*Exercise instructions*: Copy out each line of the entries below in which the string "Plus" appears.

*Source material*:
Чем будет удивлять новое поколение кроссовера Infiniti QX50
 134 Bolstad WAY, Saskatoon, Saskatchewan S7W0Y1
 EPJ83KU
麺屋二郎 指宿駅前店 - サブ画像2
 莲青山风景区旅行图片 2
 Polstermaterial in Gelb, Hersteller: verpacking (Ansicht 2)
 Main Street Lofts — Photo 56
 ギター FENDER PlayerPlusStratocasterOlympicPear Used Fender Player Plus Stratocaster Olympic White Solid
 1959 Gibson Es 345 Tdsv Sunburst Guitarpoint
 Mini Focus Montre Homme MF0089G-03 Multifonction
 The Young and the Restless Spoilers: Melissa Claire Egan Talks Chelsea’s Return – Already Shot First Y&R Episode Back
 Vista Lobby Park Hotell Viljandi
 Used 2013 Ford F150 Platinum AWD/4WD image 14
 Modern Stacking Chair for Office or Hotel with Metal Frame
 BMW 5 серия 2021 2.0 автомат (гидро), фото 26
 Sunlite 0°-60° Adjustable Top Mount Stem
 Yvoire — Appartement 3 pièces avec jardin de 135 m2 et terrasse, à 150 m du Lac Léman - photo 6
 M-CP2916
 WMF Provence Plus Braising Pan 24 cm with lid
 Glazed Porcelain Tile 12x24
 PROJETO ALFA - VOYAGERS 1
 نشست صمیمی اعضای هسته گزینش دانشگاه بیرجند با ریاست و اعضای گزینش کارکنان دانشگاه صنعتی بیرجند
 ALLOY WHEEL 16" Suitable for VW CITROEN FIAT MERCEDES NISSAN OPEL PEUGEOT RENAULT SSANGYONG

*Solution for this task*:
 ギター FENDER PlayerPlusStratocasterOlympicPear Used Fender Player Plus Stratocaster Olympic White Solid
 WMF Provence Plus Braising Pan 24 cm with lid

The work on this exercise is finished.